The tipping point?

March saw listings grow like crazy and April started off with a bang adding close to 500 listings on April 1st alone. The growth in inventory is being mirrored by a growing number of people who appear to be seeking out more information on a Vancouver housing bubble – traffic on this blog has nearly doubled in the last couple of months.

The following comment was posted just before the weekend by GregK71 regarding the growing number of bullish comments here and on other blogs.  I suspect it may sum up the way many readers feel about the current state of the Vancouver real estate market and its likely future:

The bulls on this and other RE blogs absolutely see the writing on the wall going into Q3 and Q4 2010, and beyond.

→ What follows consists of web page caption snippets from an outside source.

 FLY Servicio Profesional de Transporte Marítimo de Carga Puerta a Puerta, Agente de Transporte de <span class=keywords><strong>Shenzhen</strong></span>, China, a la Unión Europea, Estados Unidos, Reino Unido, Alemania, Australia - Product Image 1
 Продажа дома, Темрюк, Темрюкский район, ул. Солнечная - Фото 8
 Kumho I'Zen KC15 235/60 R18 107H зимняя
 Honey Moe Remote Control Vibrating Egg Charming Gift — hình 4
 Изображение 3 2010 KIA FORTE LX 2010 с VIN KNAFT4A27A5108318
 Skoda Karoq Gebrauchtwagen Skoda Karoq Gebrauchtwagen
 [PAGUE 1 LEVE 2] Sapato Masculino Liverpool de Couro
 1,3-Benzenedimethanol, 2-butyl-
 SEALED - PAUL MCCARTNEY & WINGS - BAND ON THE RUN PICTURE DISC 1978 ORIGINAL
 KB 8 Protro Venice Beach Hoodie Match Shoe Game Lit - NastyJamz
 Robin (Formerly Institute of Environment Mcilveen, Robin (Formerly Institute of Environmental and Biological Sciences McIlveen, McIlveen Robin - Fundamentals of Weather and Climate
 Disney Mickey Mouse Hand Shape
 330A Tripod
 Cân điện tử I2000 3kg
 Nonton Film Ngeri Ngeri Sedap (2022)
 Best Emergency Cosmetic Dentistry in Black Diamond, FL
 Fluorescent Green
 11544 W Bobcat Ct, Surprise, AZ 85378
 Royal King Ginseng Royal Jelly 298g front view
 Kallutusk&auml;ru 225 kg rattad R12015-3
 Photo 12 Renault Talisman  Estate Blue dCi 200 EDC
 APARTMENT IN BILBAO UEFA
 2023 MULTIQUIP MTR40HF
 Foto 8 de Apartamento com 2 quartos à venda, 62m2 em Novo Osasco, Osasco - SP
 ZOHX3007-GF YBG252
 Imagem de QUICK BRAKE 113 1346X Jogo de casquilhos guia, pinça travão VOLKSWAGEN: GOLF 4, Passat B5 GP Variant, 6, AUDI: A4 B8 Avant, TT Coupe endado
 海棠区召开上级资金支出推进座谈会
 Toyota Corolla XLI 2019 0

They’re not blind. Arrogant, yes. Foolish, perhaps. Blind, no.

Oddly enough for a group of people apparently content and smug in their asset class, bulls never turn down the chance for a satisfying faeces toss on blogs like VCI. They’re coming here to convince themselves to keep on believing house prices only ever go up. And it’s worked like a charm.

Now, although it doesn’t always seem to come across in their posts, bulls understand market forces. They’ve made money in RE. Big money. Like bears, bulls too sense danger. In their gut, bulls comprehend irrational exuberance. Heck, they’re the ones who’re listing their presales and resales en masse, soon to push listings onward to 25,000 and beyond.

Bulls know this thing’s running on fumes. Bulls know the time is short. Bulls know there’s no such thing as running out of land when you can build up. They know these things.

They also know the Kool-aid is starting to taste a bit, um, funny.

Vancouver bulls, you’ve had an amazing run. You’ve defied the fundamentals for longer than many thought humanely or economically possible. It’s been unreal. It’s been absurd.

To those of you over-leveraged on severely overpriced Vancouver real estate: relish these final few weeks on the upside. You may have a month and a half.

But the tipping point is here. It’s visible. It’s shocking. And it can’t be put off with another rate cut, loosened restriction, extended am or exotic mortgage product. That deck is exhausted.

The process just getting started ends only with utter revulsion and complete contempt for the asset class. Needless to say: it’s going to be a long, long way down.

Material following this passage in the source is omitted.